Internacional

Alfredo García

La contraofensiva de la ultraderecha en Bolivia que culminó con el golpe de Estado “suave” del pasado 10 de noviembre, no por anunciada dejó de sorprender por su planificación y eficiencia “quirúrgica”. Como en casos anteriores la intervención de EU será negada, hasta que una futura desclasificación de documentos secretos lo demuestre.

“Estados Unidos aplaude al pueblo boliviano por exigir libertad y al Ejército boliviano por acatar su juramento de proteger no sólo a una persona, sino a la Constitución de Bolivia”, declaró el presidente Donald Trump en medio de la consternación política causada por la interrupción democrática.

Sin embargo, no se trata del regreso de la siniestra simbiosis que caracterizó a EU y las oligarquías locales durante el siglo XX, mediante golpes de Estado fascistas en América Latina y el Caribe. En tres décadas la rebeldía de la vanguardia revolucionaria, el genocidio contra la población civil, la pérdida de libertades, así como la entrega de la soberanía a intereses extranjeros, hizo perder a la opción militar-oligarca todo vestigio de legitimidad y obligado por la presión popular a promover una limitada “apertura democrática”, se convirtió en partido político.

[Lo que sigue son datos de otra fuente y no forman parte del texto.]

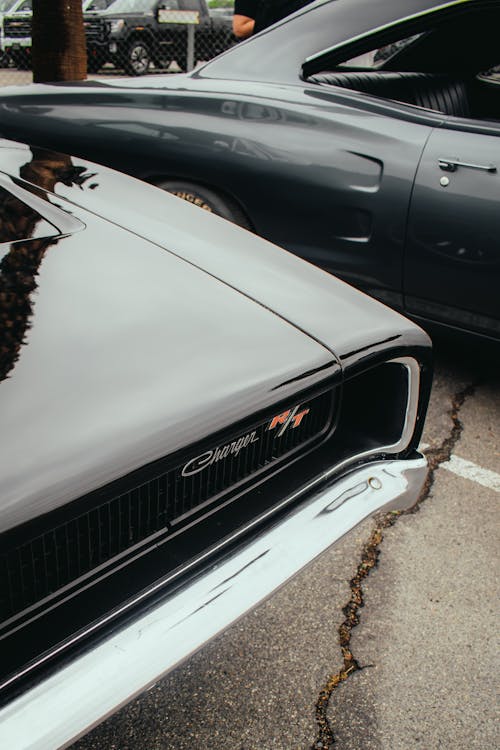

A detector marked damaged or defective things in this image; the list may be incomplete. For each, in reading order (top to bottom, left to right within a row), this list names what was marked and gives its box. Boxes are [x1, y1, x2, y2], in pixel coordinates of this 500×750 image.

crack in asphalt [310, 384, 474, 748]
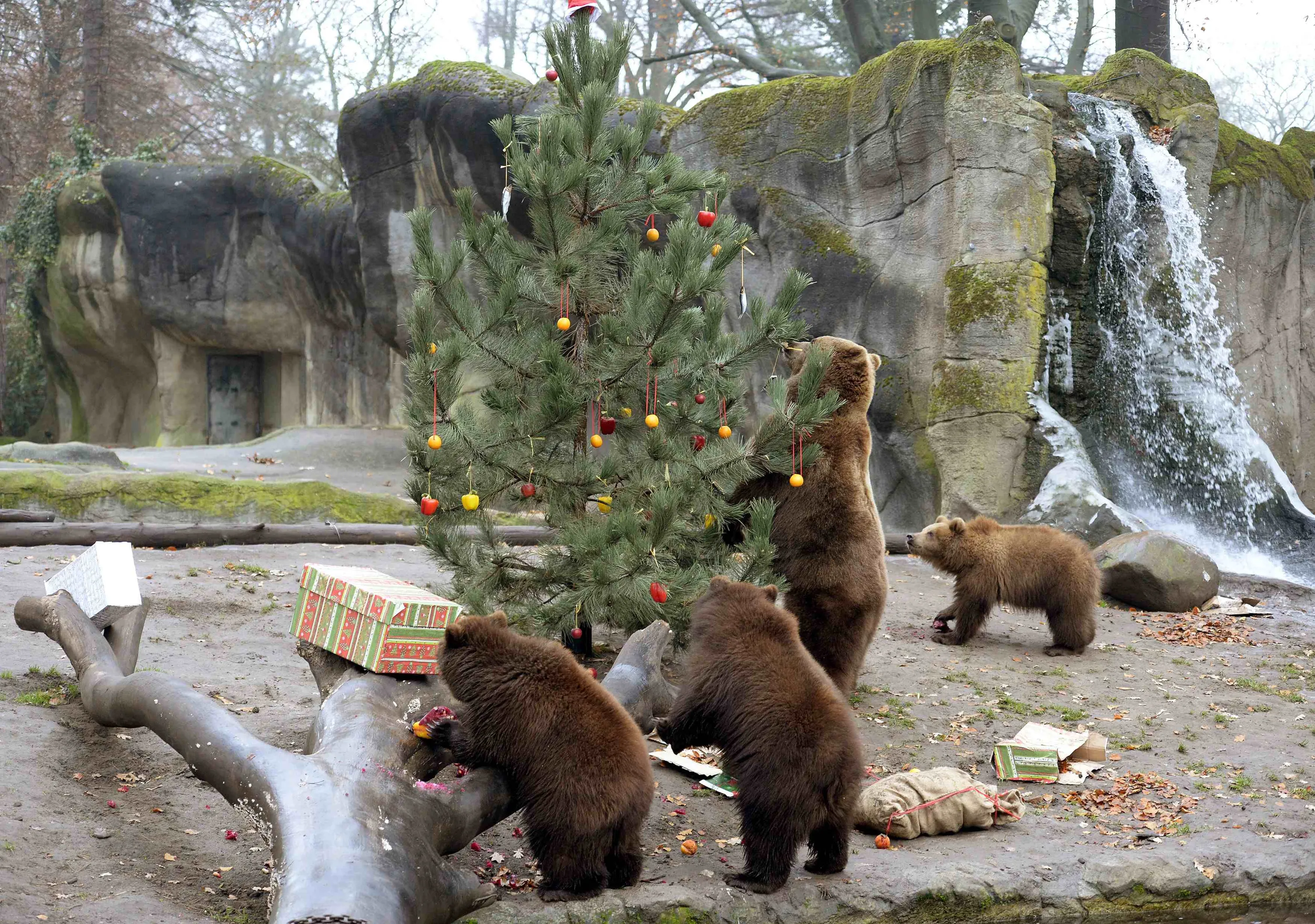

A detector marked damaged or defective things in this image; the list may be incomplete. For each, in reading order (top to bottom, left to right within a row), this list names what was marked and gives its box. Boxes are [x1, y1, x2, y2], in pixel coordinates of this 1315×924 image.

torn cardboard box [989, 726, 1105, 789]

A pesar de sus restricciones, el regreso a la democracia representativa-liberal, abonado con la sangre y el sufrimiento de varias generaciones, se consolidó en el continente como forma de hacer política. Los votos sustituyeron a las balas. El fenómeno injerencista de fuerza prevaleció, pero con cambios cosméticos. El inicio del siglo cerró el infame uso de fuerza militar local e internacional, con el fracaso del golpe de Estado contra el presidente venezolano Hugo Chávez, en abril de 2002, de comprobada injerencia norteamericana, así como el escandaloso derrocamiento del presidente haitiano, Jean-Bertrand Aristide, en febrero de 2004, obligado a renunciar y conducido secuestrado por tropas norteamericanas al destierro en República Centroafricana.

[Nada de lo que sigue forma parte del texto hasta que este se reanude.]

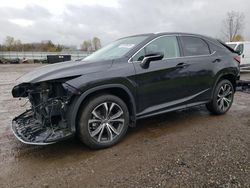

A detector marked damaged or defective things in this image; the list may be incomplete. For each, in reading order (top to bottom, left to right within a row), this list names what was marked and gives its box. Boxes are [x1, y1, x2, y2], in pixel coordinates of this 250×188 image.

damaged front end [11, 81, 79, 145]
crumpled hood [16, 60, 112, 83]
damaged black suv [11, 32, 240, 148]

A partir de entonces, fue modificada la injerencia conspirativa de la derecha contra el exitoso avance electoral de las fuerzas progresistas en las últimas 2 décadas, con mayoritario voto de sus beneficiados: la clase media, obrera y campesina, con promedio electoral difícil de superar por el sector oligárquico. Sin embargo, la ultraderecha construyó con paciencia escenarios adecuados a sus planes golpistas, satanizando a los gobernantes incómodos, incitando mayor participación de una sociedad civil fragmentada en multipartidos y permanente agitación política por grupos organizados en marchas de protestas con brotes de violencia y apoyo de sectores inconformes empresariales y sociales, con participación de instituciones judiciales o parlamentarias para mantener al máximo la fachada democrática y posterior legitimización, como sucedió en los golpes de Estado “suaves” en Honduras en 2009, Paraguay en 2012 y Brasil en 2016.

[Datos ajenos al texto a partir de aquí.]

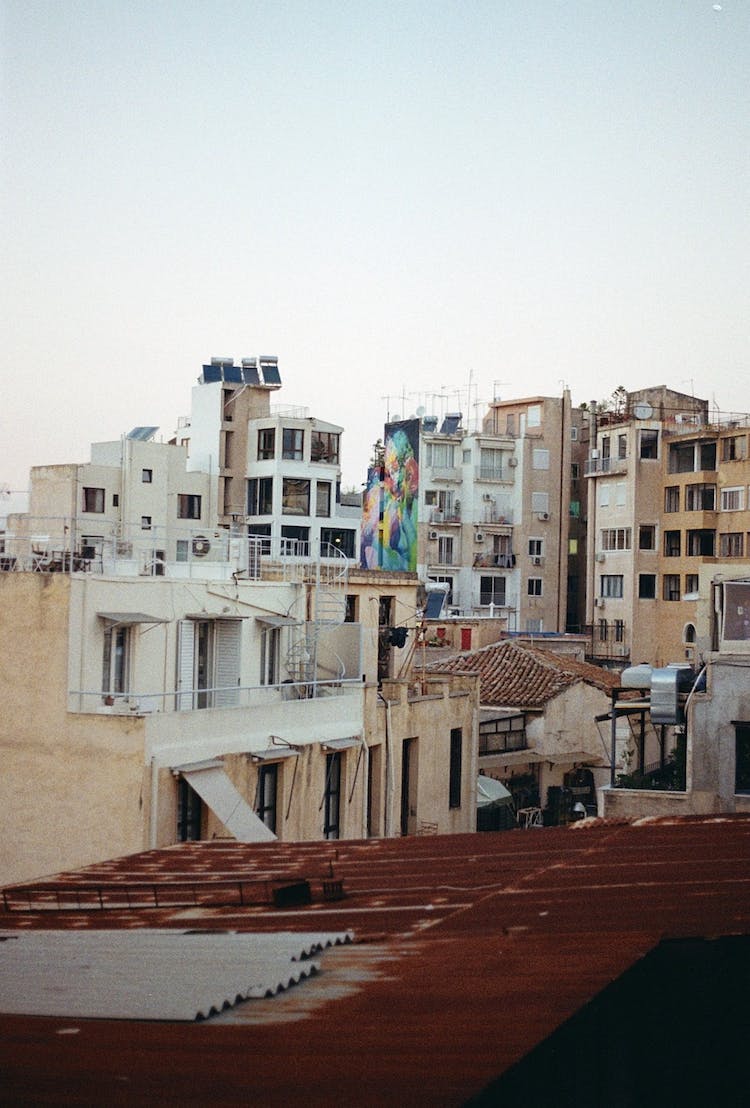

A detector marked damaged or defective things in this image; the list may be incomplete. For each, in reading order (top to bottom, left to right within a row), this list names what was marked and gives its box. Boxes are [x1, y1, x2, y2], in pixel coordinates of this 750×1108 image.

rusty red roof [423, 638, 615, 704]
rusty red roof [1, 811, 748, 1103]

En este nuevo contexto político y social, el protagonismo militar aparenta “defender” la Constitución y la democracia. El jefe del Ejército no es un “gorila”, sino un “caballero altruista”. No bombardea la casa presidencial para asesinar al presidente, sino “sugiere” poner fin a su mandato por el “bien” del país. El golpe de Estado “suave” boliviano es seguido por un manipulado protocolo “constitucional”, para instalar en el poder a la ultraderecha golpista con la bendición de su mentor norteño y sus vasallos latinoamericanos.

Sin embargo, a diferencia de la opinión pública norteamericana, los pueblos de América Latina y el Caribe tienen memoria histórica. Si la intolerancia política, que negó antes con violencia la oportunidad electoral a los sectores progresistas provocó la rebeldía popular, su nueva versión “suave” tendrá la misma respuesta.